Tom did play hookey, and he had a very good time. He got back home barely in season to help Jim, the small colored boy, saw next-day's wood and split the kindlings before supper — at least he was there in time to tell his adventures to Jim while Jim did three-fourths of the work. Tom's younger brother (or rather half-brother) Sid was already through with his part of the work (picking up chips), for he was a quiet boy, and had no adventurous, troublesome ways.

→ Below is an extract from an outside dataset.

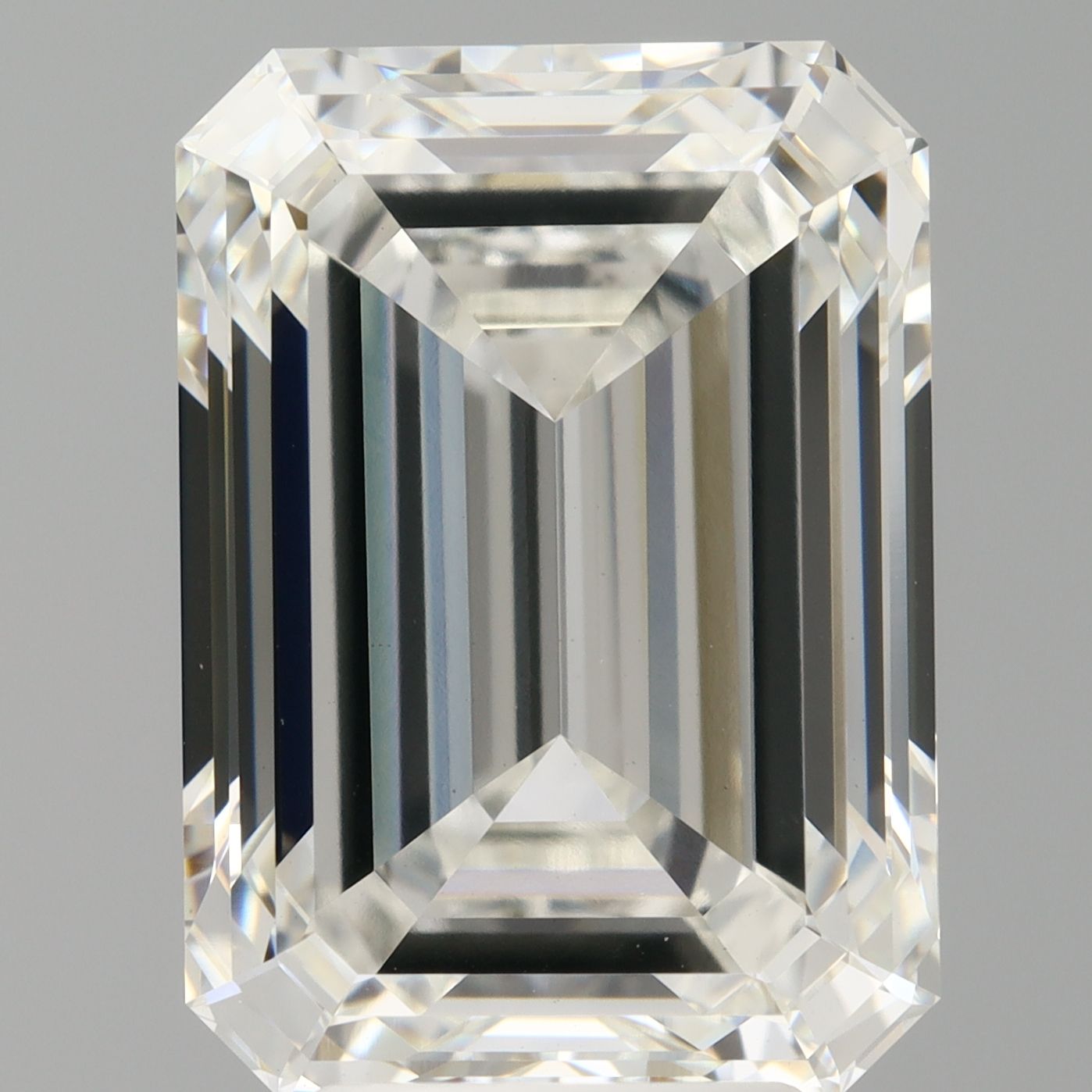 6.05 ct. emerald Lab Grown Diamond front image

While Tom was eating his supper, and stealing sugar as opportunity offered, Aunt Polly asked him questions that were full of guile, and very deep — for she wanted to trap him into damaging revealments. Like many other simple-hearted souls, it was her pet vanity to believe she was endowed with a talent for dark and mysterious diplomacy, and she loved to contemplate her most transparent devices as marvels of low cunning. Said she:

"Tom, it was middling warm in school, warn't it?"

"Yes'm."

"Powerful warm, warn't it?"

"Yes'm."

"Didn't you want to go in a-swimming, Tom?"

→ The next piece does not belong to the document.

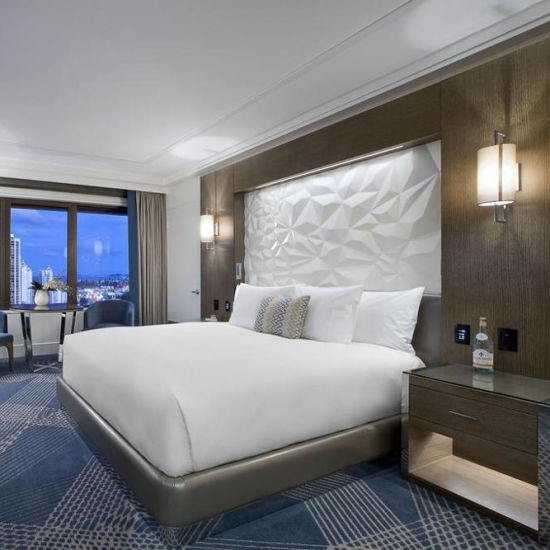 Customized 5 Star Hotel Bedroom Furniture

A bit of a scare shot through Tom — a touch of uncomfortable suspicion. He searched Aunt Polly's face, but it told him nothing. So he said:

"No'm — well, not very much."

The old lady reached out her hand and felt Tom's shirt, and said:

"But you ain't too warm now, though." And it flattered her to reflect that she had discovered that the shirt was dry without anybody knowing that that was what she had in her mind. But in spite of her, Tom knew where the wind lay, now. So he forestalled what might be the next move:

"Some of us pumped on our heads — mine's damp yet. See?"

Aunt Polly was vexed to think she had overlooked that bit of circumstantial evidence, and missed a trick. Then she had a new inspiration:

"Tom, you didn't have to undo your shirt collar where I sewed it, to pump on your head, did you? Unbutton your jacket!"

The trouble vanished out of Tom's face. He opened his jacket. His shirt collar was securely sewed.

"Bother! Well, go 'long with you. I'd made sure you'd played hookey and been a-swimming. But I forgive ye, Tom. I reckon you're a kind of a singed cat, as the saying is — better'n you look. This time."

She was half sorry her sagacity had miscarried, and half glad that Tom had stumbled into obedient conduct for once.

But Sidney said:

"Well, now, if I didn't think you sewed his collar with white thread, but it's black."

"Why, I did sew it with white! Tom!"

But Tom did not wait for the rest. As he went out at the door he said:

"Siddy, I'll lick you for that."

In a safe place Tom examined two large needles which were thrust into the lapels of his jacket, and had thread bound about them — one needle carried white thread and the other black. He said:

"She'd never noticed if it hadn't been for Sid. Confound it! sometimes she sews it with white, and sometimes she sews it with black. I wish to geeminy she'd stick to one or t'other — I can't keep the run of 'em. But I bet you I'll lam Sid for that. I'll learn him!"

He was not the Model Boy of the village. He knew the model boy very well though — and loathed him.

Within two minutes, or even less, he had forgotten all his troubles. Not because his troubles were one whit less heavy and bitter to him than a man's are to a man, but because a new and powerful interest bore them down and drove them out of his mind for the time — just as men's misfortunes are forgotten in the excitement of new enterprises. This new interest was a valued novelty in whistling, which he had just acquired from a negro, and he was suffering to practise it undisturbed. It consisted in a peculiar bird-like turn, a sort of liquid warble, produced by touching the tongue to the roof of the mouth at short intervals in the midst of the music — the reader probably remembers how to do it, if he has ever been a boy. Diligence and attention soon gave him the knack of it, and he strode down the street with his mouth full of harmony and his soul full of gratitude. He felt much as an astronomer feels who has discovered a new planet — no doubt, as far as strong, deep, unalloyed pleasure is concerned, the advantage was with the boy, not the astronomer.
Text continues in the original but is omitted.